Task prompt.
Every record below needs to be written out exactly, apart from the pictures.

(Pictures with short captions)
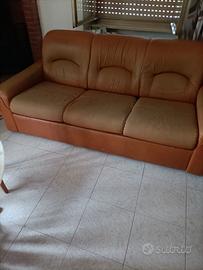 Divano letto matrimoniale in buone condizioni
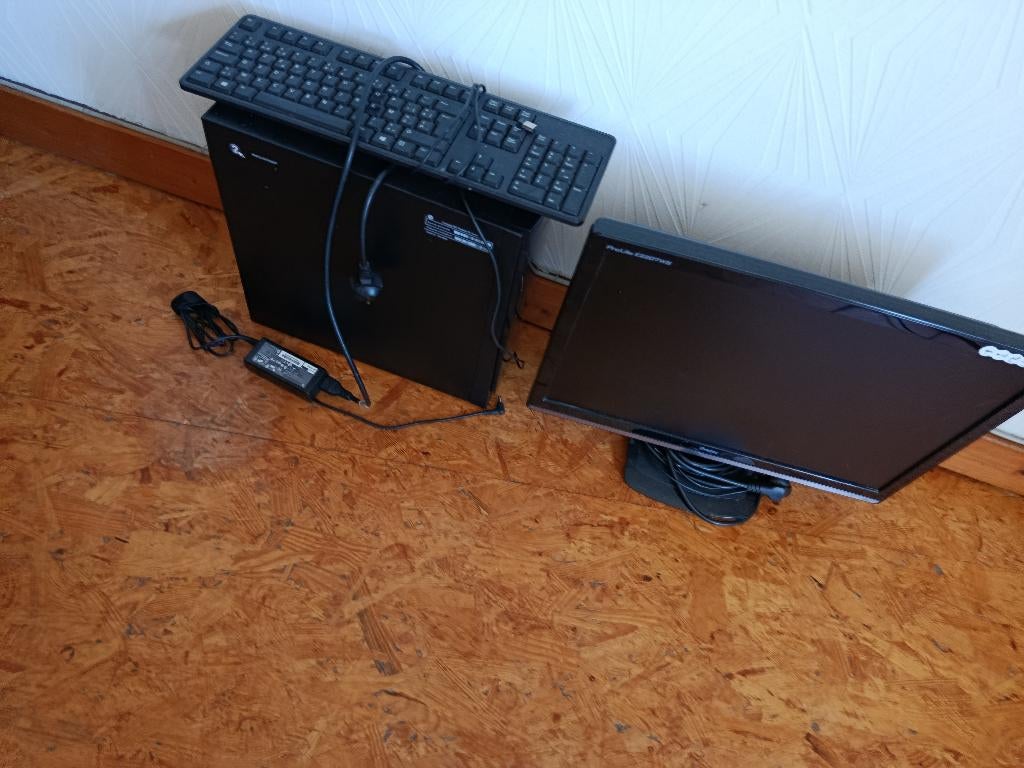 pc bureautique, Le pc est monté avec différentes marques, HDD, Utilisé, 4 GB
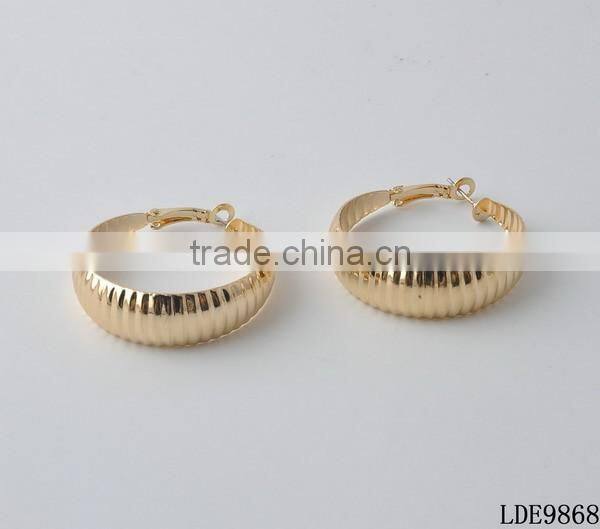 Gold bead with green bead fasion earrings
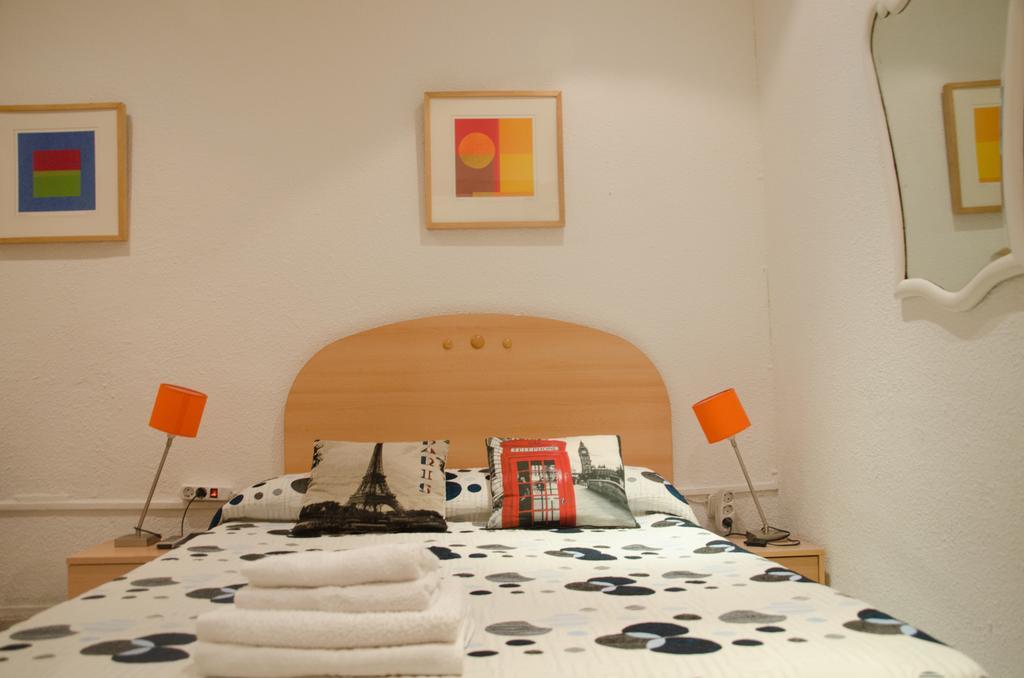 Hostal Aribau Barcelona Room photo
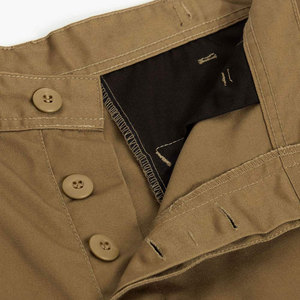Pantalon cargo homme de qualité supérieure, fabriqué au Pakistan, très vendu, style streetwear, couleur unie. - Product Image 4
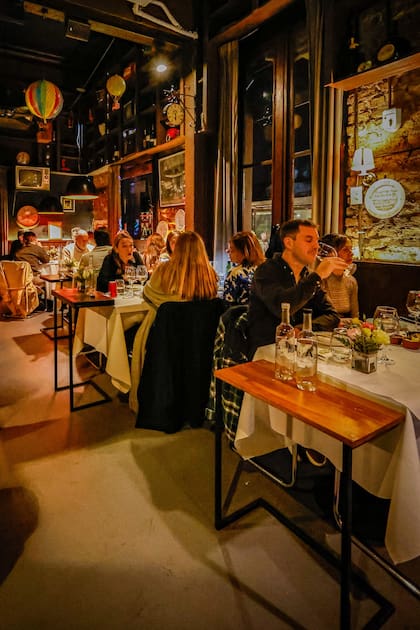 Salón del restaurante en Palermo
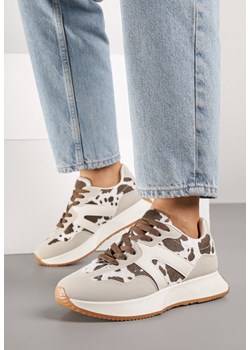 Beżowo-Brązowe Płaskie Sneakersy w Krowie Łaty z Geometrycznym Wzorem Nawla ze sklepu born2be.pl w kategorii Buty sportowe damskie - zdjęcie 184795676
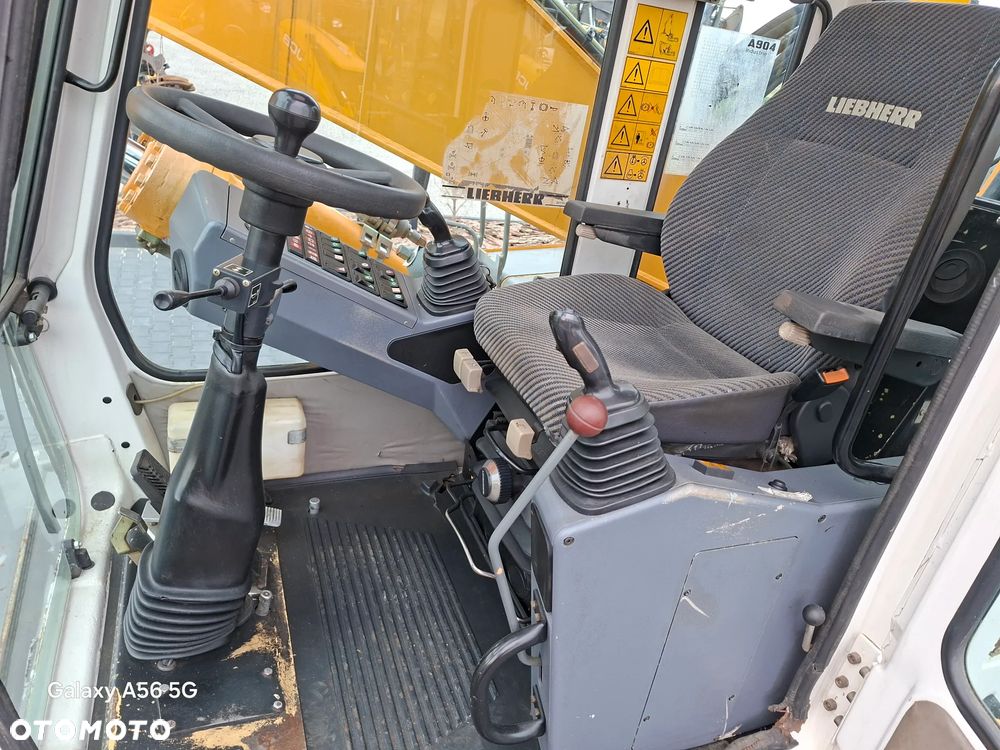 Liebherr A904 Koparka Przeładunkowa - 13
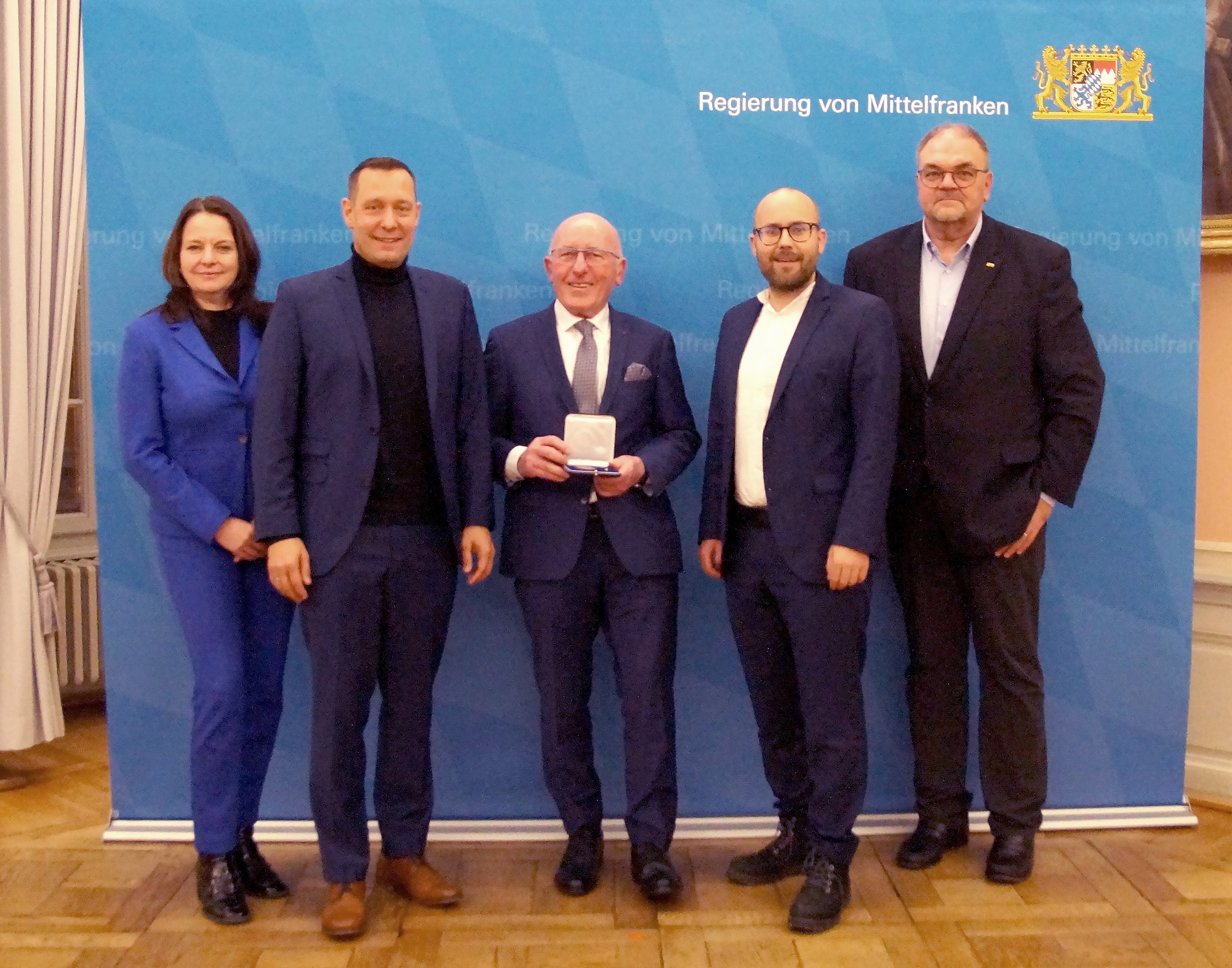 Nach der Verleihung der Kommunalen Verdienstmedaille (v.l.): Regierungspräsidentin Dr. Kerstin Engelhardt-Blum, Landrat Armin Kroder (Nürnberger Land), Geehrter Karl-Heinz Herrmann (Lauf), Felix Locke MdL (Lauf) und Bezirksrat Markus Lüling (Lauf).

Output for this task.
 Divano letto matrimoniale in buone condizioni
 pc bureautique, Le pc est monté avec différentes marques, HDD, Utilisé, 4 GB
 Gold bead with green bead fasion earrings
 Hostal Aribau Barcelona Room photo
Pantalon cargo homme de qualité supérieure, fabriqué au Pakistan, très vendu, style streetwear, couleur unie. - Product Image 4
 Salón del restaurante en Palermo
 Beżowo-Brązowe Płaskie Sneakersy w Krowie Łaty z Geometrycznym Wzorem Nawla ze sklepu born2be.pl w kategorii Buty sportowe damskie - zdjęcie 184795676
 Liebherr A904 Koparka Przeładunkowa - 13
 Nach der Verleihung der Kommunalen Verdienstmedaille (v.l.): Regierungspräsidentin Dr. Kerstin Engelhardt-Blum, Landrat Armin Kroder (Nürnberger Land), Geehrter Karl-Heinz Herrmann (Lauf), Felix Locke MdL (Lauf) und Bezirksrat Markus Lüling (Lauf).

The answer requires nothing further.